[Numpy-discussion] ANN: numexpr 2.3 (final) released

Francesc Alted francesc at continuum.io
Sun Jan 26 02:39:00 EST 2014


==========================
  Announcing Numexpr 2.3
==========================

Numexpr is a fast numerical expression evaluator for NumPy.  With it,
expressions that operate on arrays (like "3*a+4*b") are accelerated
and use less memory than doing the same calculation in Python.
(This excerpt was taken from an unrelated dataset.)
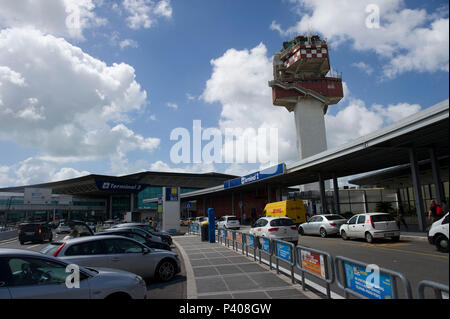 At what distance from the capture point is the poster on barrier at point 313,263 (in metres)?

It wears multi-threaded capabilities, as well as support for Intel's
MKL (Math Kernel Library), which allows an extremely fast evaluation
of transcendental functions (sin, cos, tan, exp, log...)  while
squeezing the last drop of performance out of your multi-core
processors.  Look here for a some benchmarks of numexpr using MKL:

https://github.com/pydata/numexpr/wiki/NumexprMKL

Its only dependency is NumPy (MKL is optional), so it works well as an
easy-to-deploy, easy-to-use, computational engine for projects that
don't want to adopt other solutions requiring more heavy dependencies.
Numexpr is already being used in a series of packages (PyTables, pandas,
BLZ...) for helping doing computations faster.


What's new
==========

The repository has been migrated to https://github.com/pydata/numexpr.
All new tickets and PR should be directed there.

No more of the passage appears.